As a book critic herself, she knows what can happen with reviews, but although she claims there is some trepidation, there is also understanding. “There is a human being at the other end who may have had a bad day, filed late, or simply doesn’t like the book very much,” she said. “In my experience as a critic, I know that books that came to me could have gone to someone else that would have loved it. Nevertheless, to be on the other side is humbling.”
She need not have worried. Foreign rights have been sold to numerous countries, and the Observer called it “Impressive. . . . A compelling read . . . Segal writes with a delicate, understated elegance.” And the Mail found this “assured and audacious debut” both “witty and touching.”

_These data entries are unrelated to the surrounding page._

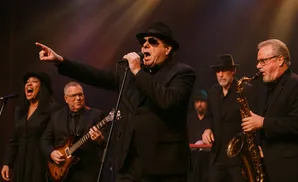 A band performs on stage with a lead singer, guitarist, and saxophonist in the foreground.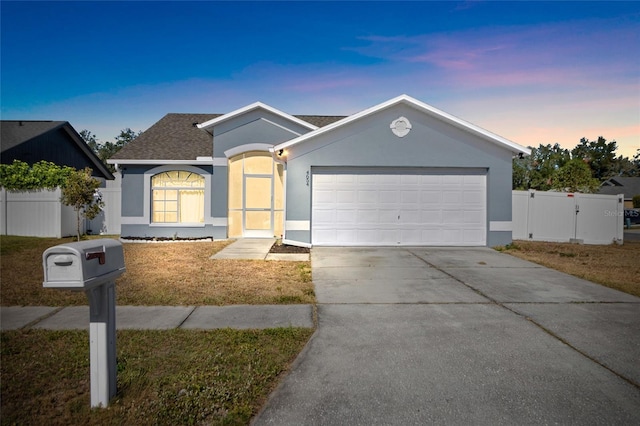 ranch-style home featuring a garage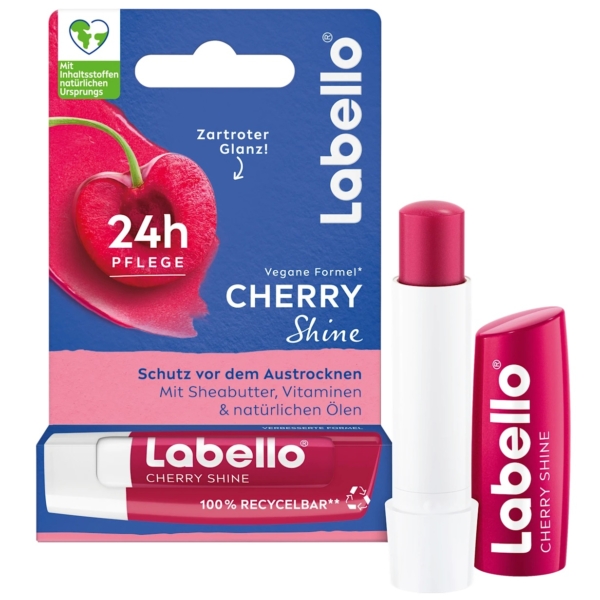 Le baume à lèvres Labello Cherry Shine, appelé Labello Cherry Shine Baume à Lèvres Hydratant Fraise 4,8 g, est présenté dans un tube rouge vif avec un baume visible. Il met en valeur « 24h Pflege », une formule vegan, du beurre de karité nourrissant et des vitamines, et arbore un motif cerise qui reflète son attrait fruité. Dakar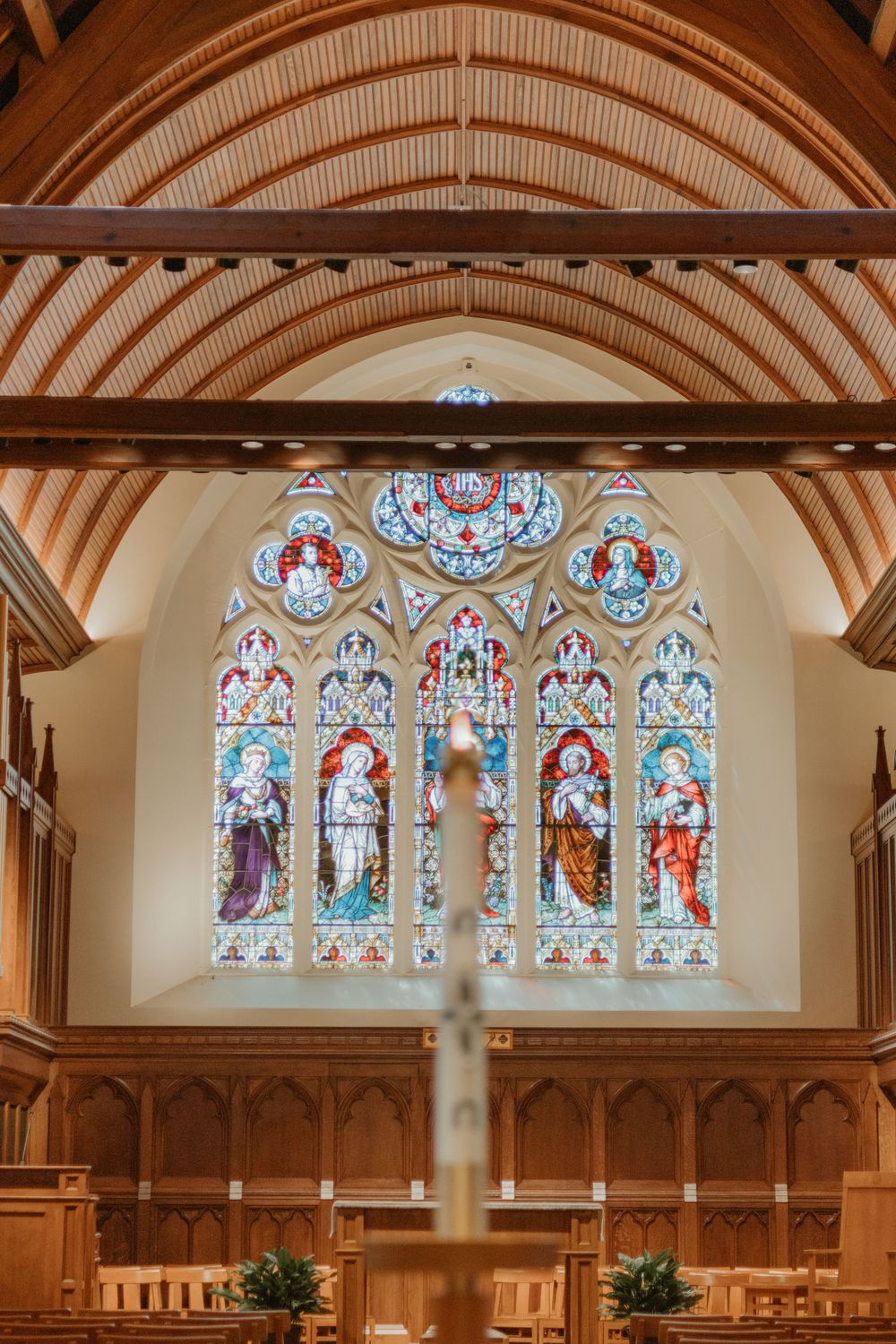Beautiful stained glass window with religious figures under vaulted wooden ceiling in church sanctuary.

Audacious indeed! The Innocents recasts Edith Wharton’s masterpiece The Age of Innocence in a modern-day Jewish upper-crust suburb of London, Temple Fortune. Segal took on Wharton’s tale because to her it’s “an almost classical story that could be anywhere, in any small town or religious community in any country.” She views it as a universal tale about “anyone who has experienced the tension between a life that is expected of them and something they want for themselves, or for anyone who has been attracted to the wrong person. It’s about the pull between the safety and security of the community and freedom and liberation—and the carrot that goes along with it.”

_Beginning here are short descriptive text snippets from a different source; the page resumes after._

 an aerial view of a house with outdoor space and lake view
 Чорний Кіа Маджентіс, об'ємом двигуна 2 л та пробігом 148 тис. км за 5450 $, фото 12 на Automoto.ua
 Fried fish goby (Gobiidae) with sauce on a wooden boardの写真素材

As if being a critic-cum-novelist who tackles a classic isn’t risky enough business, Segal’s pedigree leaves her vulnerable. She is the daughter of the late Erich Segal, the classics scholar and author of the publishing sensation and bestseller Love Story, which became a blockbuster movie as well. While she admits, “I’m very wary of ‘Erich Segal’s daughter writes a novel,’ I am equally incredibly proud of my father. I probably became a writer because I wanted to be like him.”